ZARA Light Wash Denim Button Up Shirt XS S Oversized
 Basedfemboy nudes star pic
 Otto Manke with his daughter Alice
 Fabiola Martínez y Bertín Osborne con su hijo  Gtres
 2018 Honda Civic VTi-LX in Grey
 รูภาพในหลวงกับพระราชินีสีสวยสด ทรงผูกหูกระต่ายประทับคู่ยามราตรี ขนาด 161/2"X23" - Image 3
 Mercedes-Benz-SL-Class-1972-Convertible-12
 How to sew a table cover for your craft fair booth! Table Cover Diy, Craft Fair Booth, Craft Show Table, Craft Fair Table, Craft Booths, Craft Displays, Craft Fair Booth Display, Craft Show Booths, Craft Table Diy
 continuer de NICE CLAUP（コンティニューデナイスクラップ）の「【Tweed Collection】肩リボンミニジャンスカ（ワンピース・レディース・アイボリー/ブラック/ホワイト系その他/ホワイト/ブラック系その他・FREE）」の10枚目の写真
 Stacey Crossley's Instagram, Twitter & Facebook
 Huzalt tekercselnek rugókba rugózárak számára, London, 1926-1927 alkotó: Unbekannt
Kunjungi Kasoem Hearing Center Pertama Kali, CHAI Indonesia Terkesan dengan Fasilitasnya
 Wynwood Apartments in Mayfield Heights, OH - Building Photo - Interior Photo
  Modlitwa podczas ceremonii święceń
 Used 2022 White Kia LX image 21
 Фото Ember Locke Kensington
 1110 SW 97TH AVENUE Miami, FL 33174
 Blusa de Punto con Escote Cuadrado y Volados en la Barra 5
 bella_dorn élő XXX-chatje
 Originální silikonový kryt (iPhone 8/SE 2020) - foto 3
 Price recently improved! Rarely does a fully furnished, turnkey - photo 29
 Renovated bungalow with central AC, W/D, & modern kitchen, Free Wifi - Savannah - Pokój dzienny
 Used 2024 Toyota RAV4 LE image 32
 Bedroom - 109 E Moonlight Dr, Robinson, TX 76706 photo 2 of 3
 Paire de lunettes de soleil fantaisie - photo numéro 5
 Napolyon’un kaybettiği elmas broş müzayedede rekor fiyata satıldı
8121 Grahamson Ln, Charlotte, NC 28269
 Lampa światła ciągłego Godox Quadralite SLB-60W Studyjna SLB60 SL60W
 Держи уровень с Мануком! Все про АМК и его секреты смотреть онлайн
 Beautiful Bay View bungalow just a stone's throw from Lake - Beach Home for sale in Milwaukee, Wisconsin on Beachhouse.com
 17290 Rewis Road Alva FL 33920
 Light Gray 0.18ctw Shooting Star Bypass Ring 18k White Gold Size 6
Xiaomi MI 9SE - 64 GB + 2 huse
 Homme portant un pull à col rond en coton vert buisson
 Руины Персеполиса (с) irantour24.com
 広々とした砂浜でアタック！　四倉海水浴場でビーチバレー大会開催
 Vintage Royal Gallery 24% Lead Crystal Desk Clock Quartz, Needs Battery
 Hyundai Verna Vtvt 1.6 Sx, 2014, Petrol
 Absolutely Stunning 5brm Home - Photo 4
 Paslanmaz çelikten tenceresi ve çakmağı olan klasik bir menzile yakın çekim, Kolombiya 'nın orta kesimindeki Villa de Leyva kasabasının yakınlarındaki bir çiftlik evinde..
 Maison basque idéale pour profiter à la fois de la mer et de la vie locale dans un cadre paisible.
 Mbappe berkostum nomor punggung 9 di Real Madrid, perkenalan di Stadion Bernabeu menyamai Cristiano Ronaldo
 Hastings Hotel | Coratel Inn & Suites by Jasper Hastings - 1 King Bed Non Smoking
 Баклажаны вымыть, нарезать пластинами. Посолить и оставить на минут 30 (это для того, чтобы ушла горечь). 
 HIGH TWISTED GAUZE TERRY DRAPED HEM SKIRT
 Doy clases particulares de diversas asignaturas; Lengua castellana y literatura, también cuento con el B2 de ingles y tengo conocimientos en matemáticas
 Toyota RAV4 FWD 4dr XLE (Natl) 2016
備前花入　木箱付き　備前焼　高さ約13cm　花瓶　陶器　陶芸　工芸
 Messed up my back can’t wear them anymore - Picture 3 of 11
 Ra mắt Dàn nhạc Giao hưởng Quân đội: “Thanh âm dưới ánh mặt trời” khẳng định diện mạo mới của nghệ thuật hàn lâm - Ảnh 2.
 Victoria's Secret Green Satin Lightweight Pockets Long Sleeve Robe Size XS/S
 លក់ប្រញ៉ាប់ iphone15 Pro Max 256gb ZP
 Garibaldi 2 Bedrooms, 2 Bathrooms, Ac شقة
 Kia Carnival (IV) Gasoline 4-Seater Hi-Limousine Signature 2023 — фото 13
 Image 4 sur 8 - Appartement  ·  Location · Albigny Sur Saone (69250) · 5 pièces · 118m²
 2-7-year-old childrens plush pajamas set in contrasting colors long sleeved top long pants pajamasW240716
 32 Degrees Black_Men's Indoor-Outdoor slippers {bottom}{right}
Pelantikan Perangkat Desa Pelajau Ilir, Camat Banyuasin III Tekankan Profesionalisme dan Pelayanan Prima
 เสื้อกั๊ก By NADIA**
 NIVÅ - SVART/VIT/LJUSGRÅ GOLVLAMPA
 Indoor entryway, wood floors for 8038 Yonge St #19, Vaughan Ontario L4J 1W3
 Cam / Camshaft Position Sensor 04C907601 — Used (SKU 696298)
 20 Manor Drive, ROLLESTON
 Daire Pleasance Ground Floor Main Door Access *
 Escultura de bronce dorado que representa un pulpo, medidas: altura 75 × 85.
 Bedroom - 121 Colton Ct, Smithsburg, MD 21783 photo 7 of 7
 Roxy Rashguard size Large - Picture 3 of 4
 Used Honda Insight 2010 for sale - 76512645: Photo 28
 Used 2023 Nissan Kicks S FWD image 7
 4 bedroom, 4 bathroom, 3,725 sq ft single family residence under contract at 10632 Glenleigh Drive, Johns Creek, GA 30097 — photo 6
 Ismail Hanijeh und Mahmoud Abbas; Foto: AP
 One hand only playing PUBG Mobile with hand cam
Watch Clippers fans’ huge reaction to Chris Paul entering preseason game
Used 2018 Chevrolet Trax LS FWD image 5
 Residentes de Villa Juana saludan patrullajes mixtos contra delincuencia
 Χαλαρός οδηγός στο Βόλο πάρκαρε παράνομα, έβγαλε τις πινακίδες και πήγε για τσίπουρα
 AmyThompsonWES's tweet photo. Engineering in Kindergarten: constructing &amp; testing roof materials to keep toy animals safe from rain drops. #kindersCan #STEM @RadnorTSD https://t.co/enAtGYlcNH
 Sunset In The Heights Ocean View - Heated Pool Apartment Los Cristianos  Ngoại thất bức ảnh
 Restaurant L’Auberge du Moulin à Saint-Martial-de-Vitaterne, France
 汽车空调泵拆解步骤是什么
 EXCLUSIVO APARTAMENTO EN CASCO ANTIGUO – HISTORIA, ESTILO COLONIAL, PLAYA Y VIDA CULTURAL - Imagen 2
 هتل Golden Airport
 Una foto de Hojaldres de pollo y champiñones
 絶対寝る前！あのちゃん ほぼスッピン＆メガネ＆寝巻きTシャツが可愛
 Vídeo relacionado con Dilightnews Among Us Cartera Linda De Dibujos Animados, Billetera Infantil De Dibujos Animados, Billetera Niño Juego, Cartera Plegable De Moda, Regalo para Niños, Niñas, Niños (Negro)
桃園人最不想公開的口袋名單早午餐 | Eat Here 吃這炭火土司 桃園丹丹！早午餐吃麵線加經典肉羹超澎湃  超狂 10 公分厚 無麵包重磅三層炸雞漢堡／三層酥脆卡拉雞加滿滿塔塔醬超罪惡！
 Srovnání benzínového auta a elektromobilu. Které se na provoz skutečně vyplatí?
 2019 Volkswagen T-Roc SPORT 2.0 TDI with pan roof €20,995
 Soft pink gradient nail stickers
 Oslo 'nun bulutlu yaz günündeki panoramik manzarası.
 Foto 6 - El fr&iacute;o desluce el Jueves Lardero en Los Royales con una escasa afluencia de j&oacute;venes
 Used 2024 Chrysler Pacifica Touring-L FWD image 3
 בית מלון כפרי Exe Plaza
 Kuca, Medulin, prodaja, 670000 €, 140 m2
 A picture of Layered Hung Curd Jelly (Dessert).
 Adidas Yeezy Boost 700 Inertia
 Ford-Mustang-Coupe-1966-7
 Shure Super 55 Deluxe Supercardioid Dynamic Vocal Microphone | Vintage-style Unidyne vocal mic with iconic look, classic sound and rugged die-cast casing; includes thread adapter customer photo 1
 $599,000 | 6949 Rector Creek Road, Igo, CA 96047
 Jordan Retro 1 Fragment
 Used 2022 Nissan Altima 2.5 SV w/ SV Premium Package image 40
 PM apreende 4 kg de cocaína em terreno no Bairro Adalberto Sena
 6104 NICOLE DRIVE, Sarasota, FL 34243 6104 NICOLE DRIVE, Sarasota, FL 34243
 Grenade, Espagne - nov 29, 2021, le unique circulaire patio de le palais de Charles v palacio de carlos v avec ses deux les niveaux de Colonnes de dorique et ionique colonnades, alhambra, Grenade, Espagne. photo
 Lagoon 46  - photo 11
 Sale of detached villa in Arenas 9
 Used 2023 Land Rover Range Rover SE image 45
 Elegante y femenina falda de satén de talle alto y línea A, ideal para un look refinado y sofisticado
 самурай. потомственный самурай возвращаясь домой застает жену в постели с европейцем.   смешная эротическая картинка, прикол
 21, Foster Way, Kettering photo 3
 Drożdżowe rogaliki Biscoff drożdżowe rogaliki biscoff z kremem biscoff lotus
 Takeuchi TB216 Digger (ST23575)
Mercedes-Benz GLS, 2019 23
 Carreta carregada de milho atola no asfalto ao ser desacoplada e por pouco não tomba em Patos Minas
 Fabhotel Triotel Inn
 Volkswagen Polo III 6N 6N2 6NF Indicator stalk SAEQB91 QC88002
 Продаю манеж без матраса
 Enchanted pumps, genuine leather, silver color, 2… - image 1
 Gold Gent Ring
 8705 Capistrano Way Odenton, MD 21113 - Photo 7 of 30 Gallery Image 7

****************************************

About this task: Within the listing above, extract exactly the lines from the line with "Napolyon’un kaybettiği elmas" to the line with "Ra mắt Dàn nhạc", the two named lines included, and no others.

Exercise answer:
 Napolyon’un kaybettiği elmas broş müzayedede rekor fiyata satıldı
8121 Grahamson Ln, Charlotte, NC 28269
 Lampa światła ciągłego Godox Quadralite SLB-60W Studyjna SLB60 SL60W
 Держи уровень с Мануком! Все про АМК и его секреты смотреть онлайн
 Beautiful Bay View bungalow just a stone's throw from Lake - Beach Home for sale in Milwaukee, Wisconsin on Beachhouse.com
 17290 Rewis Road Alva FL 33920
 Light Gray 0.18ctw Shooting Star Bypass Ring 18k White Gold Size 6
Xiaomi MI 9SE - 64 GB + 2 huse
 Homme portant un pull à col rond en coton vert buisson
 Руины Персеполиса (с) irantour24.com
 広々とした砂浜でアタック！　四倉海水浴場でビーチバレー大会開催
 Vintage Royal Gallery 24% Lead Crystal Desk Clock Quartz, Needs Battery
 Hyundai Verna Vtvt 1.6 Sx, 2014, Petrol
 Absolutely Stunning 5brm Home - Photo 4
 Paslanmaz çelikten tenceresi ve çakmağı olan klasik bir menzile yakın çekim, Kolombiya 'nın orta kesimindeki Villa de Leyva kasabasının yakınlarındaki bir çiftlik evinde..
 Maison basque idéale pour profiter à la fois de la mer et de la vie locale dans un cadre paisible.
 Mbappe berkostum nomor punggung 9 di Real Madrid, perkenalan di Stadion Bernabeu menyamai Cristiano Ronaldo
 Hastings Hotel | Coratel Inn & Suites by Jasper Hastings - 1 King Bed Non Smoking
 Баклажаны вымыть, нарезать пластинами. Посолить и оставить на минут 30 (это для того, чтобы ушла горечь). 
 HIGH TWISTED GAUZE TERRY DRAPED HEM SKIRT
 Doy clases particulares de diversas asignaturas; Lengua castellana y literatura, también cuento con el B2 de ingles y tengo conocimientos en matemáticas
 Toyota RAV4 FWD 4dr XLE (Natl) 2016
備前花入　木箱付き　備前焼　高さ約13cm　花瓶　陶器　陶芸　工芸
 Messed up my back can’t wear them anymore - Picture 3 of 11
 Ra mắt Dàn nhạc Giao hưởng Quân đội: “Thanh âm dưới ánh mặt trời” khẳng định diện mạo mới của nghệ thuật hàn lâm - Ảnh 2.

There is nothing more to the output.